KONTAN.CO.ID - JAKARTA. Harga Batubara Acuan (HBA) terus melanjutkan tren penurunan. Bahkan, hingga bulan Juli ini HBA sudah menyentuh US$ 71,92 per ton atau tergerus sebanyak 11,73% dibandingkan HBA Juni yang masih bertengger di angka US$ 81,48 juta ton. Menurut Ketua Indonesia Mining & Energi Forum (IMEF) Singgih Widagdo, faktor global memang ikut menentukan pergerakan harga batubara. Namun selain itu, penurunan harga juga disebabkan oleh kondisi saat ini yang berada pada puncak
oversupply.
Baca Juga: Bayar Cicilan Keenam, Utang Kotor Bumi Resources Tersisa US$ 1,7 Miliar premium "Total volume produksi nasional menjadi poin yang sensitif saat ini. Volume produksi nasional sangat sensitif atas kondisi pasar yang
oversupply saat ini," ujar Singgih. Alhasil, Kementerian ESDM pun dinilai perlu berhati-hati dalam menentukan volume produksi batubara di sepanjang tahun 2019. Hal itu mengingat pada bulan Juli ini, Kementerian ESDM membuka pengajuan revisi Rencana Kerja dan Anggaran Biaya (RKAB) bagi pelaku usaha batubara. Revisi tersebut memberikan kesempatan bagi produsen batubara yang ingin mengubah target produksi hingga akhir tahun ini. Pengajuan tersebut akan dievaluasi dan hasilnya akan didapatkan pada bulan Agustus, termasuk untuk kuota produksi yang akan diberikan pada masing-masing Provinsi. Kendati demikian, Singgih mengingatkan bahwa produksi pemegang Izin Usaha Pertambangan (IUP) Daerah memang berada di bawah kontrol gubernur. "Maka konsolidasi nasional dalam memetakan dan mengelola industri batubara menjadi sangat
urgent dilakukan oleh Kementerian ESDM," ungkapnya. Hal senada juga disampaikan oleh Ketua Indonesia Mining Institute (IMI) Irwandy Arif. Ia bilang, kenaikan jumlah produksi yang signifikan dipastikan akan berpengaruh pada harga batubara. "Jadi kita lihat nanti bagaimana perimbangan naik turunnya produksi per perusahaan terkait kondisi ini," kata Irwandy saat dihubungi Kontan.co.id, Selasa (9/7).

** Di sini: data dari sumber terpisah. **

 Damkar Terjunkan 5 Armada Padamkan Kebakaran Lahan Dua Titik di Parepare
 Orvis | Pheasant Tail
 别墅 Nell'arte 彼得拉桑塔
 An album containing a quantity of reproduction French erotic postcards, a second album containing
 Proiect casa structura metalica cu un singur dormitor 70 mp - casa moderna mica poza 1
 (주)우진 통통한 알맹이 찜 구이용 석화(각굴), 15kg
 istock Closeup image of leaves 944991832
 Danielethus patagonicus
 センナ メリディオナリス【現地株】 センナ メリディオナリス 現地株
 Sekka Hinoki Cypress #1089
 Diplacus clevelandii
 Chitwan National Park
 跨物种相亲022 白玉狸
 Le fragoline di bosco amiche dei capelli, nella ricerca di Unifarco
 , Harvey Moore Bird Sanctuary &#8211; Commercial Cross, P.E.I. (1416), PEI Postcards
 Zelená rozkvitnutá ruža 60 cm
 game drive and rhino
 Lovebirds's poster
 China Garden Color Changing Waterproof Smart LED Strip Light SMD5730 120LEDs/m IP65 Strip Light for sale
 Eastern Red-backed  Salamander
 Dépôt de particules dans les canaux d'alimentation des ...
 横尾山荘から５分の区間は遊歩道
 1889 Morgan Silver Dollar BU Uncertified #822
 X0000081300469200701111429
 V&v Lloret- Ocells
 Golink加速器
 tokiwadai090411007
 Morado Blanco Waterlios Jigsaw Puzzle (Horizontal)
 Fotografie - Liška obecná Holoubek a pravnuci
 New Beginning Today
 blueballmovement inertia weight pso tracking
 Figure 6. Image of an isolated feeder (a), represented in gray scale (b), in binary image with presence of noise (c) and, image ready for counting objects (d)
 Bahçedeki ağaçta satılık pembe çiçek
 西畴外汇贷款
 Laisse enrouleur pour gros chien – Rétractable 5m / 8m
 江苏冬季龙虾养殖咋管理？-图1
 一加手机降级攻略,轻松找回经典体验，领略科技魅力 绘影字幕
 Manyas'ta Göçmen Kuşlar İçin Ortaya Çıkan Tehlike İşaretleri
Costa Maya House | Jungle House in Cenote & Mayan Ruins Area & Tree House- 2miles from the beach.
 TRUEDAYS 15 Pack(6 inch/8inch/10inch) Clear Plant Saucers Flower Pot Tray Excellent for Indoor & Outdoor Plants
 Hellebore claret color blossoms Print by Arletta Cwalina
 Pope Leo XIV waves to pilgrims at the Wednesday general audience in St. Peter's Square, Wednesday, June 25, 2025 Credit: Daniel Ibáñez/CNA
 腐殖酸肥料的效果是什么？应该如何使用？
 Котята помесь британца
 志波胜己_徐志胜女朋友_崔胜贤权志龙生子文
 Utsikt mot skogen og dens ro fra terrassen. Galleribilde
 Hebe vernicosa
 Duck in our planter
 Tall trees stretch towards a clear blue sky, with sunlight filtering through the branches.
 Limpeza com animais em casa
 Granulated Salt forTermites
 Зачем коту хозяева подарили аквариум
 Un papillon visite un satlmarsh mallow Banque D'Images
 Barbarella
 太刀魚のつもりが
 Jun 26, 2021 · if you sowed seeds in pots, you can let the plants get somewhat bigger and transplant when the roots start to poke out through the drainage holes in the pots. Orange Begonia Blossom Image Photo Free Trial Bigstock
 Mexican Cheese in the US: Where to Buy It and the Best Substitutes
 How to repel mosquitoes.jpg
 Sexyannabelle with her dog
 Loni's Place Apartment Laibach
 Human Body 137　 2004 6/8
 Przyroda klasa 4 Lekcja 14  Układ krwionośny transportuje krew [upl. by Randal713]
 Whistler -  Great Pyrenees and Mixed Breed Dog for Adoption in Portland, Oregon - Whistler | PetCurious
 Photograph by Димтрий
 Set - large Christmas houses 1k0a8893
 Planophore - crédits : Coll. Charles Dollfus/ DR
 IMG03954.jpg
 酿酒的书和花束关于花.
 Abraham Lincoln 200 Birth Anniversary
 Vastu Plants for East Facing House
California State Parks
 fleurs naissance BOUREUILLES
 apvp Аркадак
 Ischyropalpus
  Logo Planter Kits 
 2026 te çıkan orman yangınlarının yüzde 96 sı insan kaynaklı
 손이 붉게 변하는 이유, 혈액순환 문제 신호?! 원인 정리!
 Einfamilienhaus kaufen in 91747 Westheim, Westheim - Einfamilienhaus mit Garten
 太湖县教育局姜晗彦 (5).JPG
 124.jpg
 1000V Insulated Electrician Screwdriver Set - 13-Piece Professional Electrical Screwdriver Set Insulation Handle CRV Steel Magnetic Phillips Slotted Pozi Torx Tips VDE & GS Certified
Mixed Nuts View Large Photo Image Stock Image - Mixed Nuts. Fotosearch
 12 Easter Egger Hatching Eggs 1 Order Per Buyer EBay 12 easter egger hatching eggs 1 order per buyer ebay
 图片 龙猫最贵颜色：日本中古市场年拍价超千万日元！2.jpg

Baca Juga: Pengajuan revisi RKAB batubara hingga akhir Juli, ESDM: Evaluasi selesai Agustus Dengan kondisi saat ini, Irwandy memprediksi harga batubara pada tahun ini akan berada di kisaran US$ 60-US$ 80 per ton. Irwandy menyebut, meski harga terus menurun, namun hal itu tidak akan berdampak signifikan terhadap perusahaan selama harga masih di atas biaya produksi. Hanya saja, margin keuntungan jelas akan berkurang. "Kecuali harga sudah di bawah biaya produksi dan siklusnya berlangsung lama, dampaknya akan sangat signifikan bagi kelangsungan industri batubara," sambungnya. Yang jelas, Irwandy melihat bahwa dalam rentang harga US$ 60-US$ 80 per ton industri batubara Indonesia masih akan mampu bertahan. "Tentunya dengan satu syarat ada pengertian antara
owner perusahaan dengan kontraktor batubara," tandasnya. Cek Berita dan Artikel yang lain di
Google News Editor: Handoyo .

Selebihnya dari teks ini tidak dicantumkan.